• WHAT IS REQUIRED
Nothing but the pictures should be left out when you copy the records exactly.

• RECORDS SHOWN
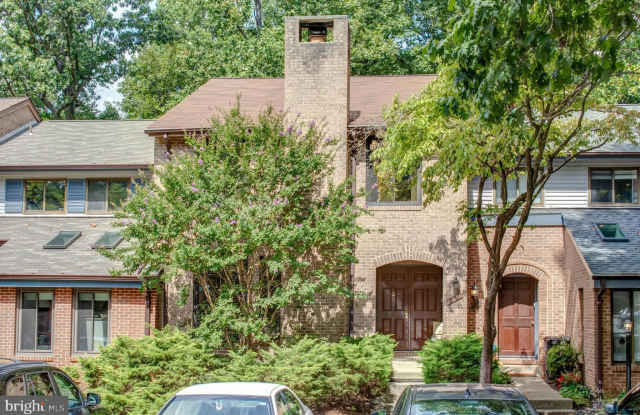 5707 WATERS EDGE LANDING COURT - 5707 Waters Edge Landing Court, Burke Centre, VA 22015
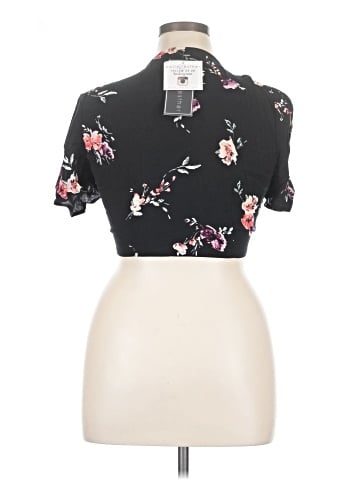 Polly & Esther Short Sleeve Blouse (view 2)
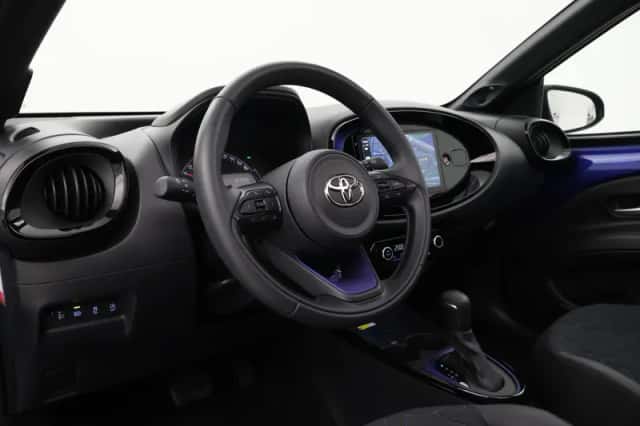 Toyota Aygo X (2022) thumbnail 2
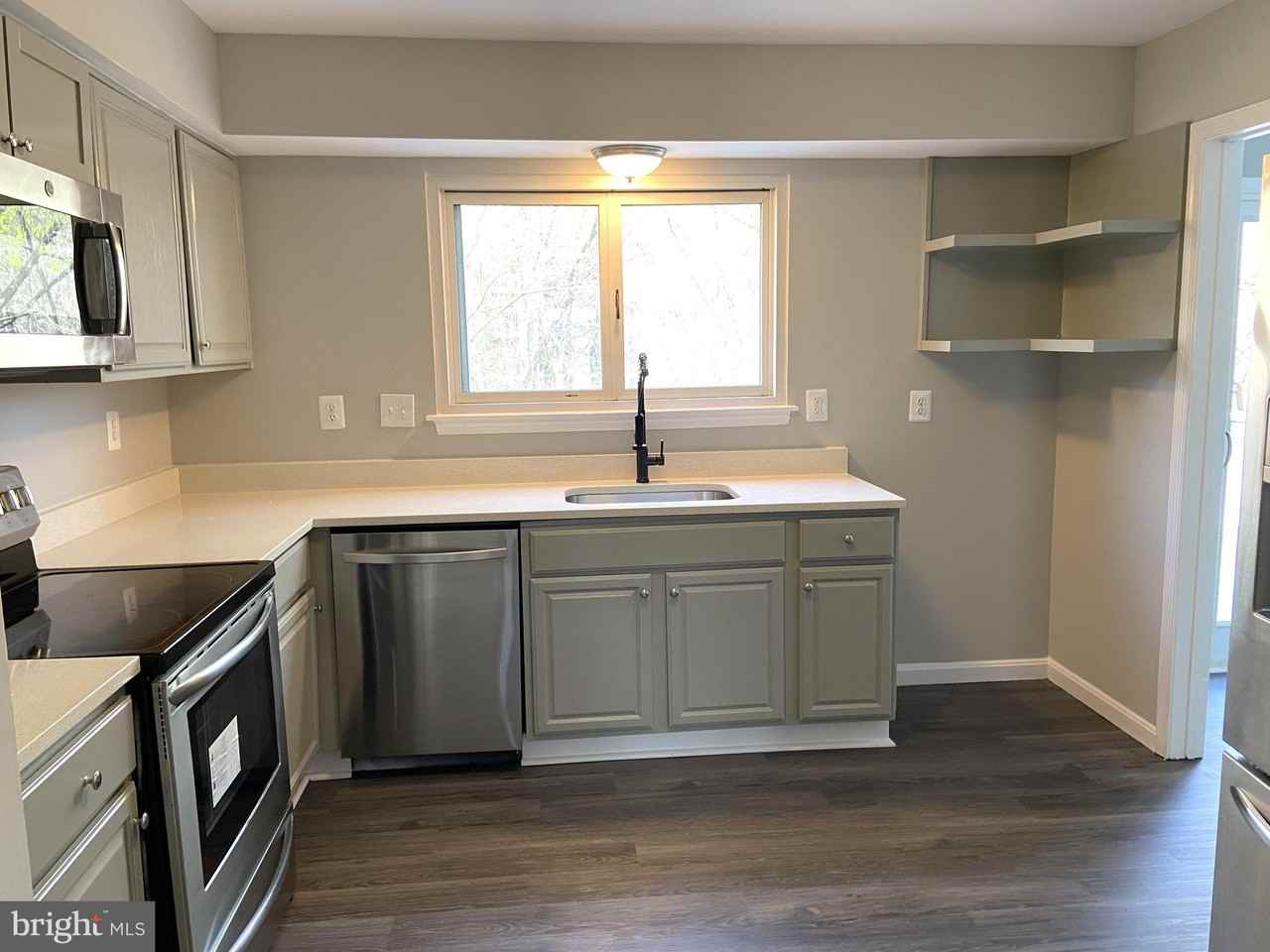 13001 Country Ridge Dr - Photo 6 of 24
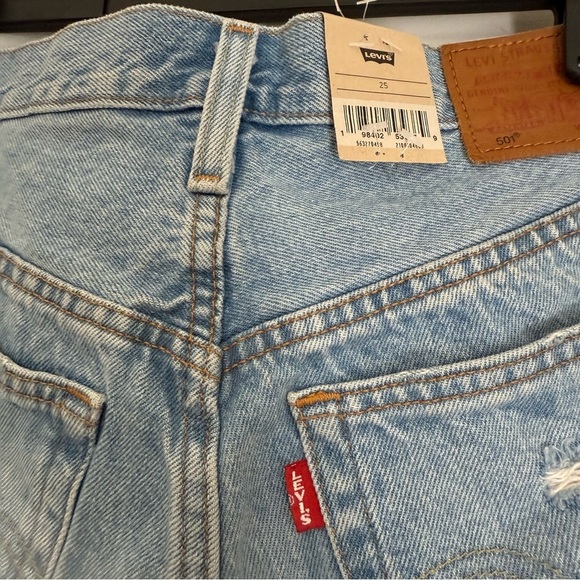 Levis Cut Off 501 Shorts Bottoms Women's Size 25 Light Blue Denim 100% Cotton - Picture 7 of 10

• WRITTEN REPLY
 5707 WATERS EDGE LANDING COURT - 5707 Waters Edge Landing Court, Burke Centre, VA 22015
 Polly & Esther Short Sleeve Blouse (view 2)
 Toyota Aygo X (2022) thumbnail 2
 13001 Country Ridge Dr - Photo 6 of 24
 Levis Cut Off 501 Shorts Bottoms Women's Size 25 Light Blue Denim 100% Cotton - Picture 7 of 10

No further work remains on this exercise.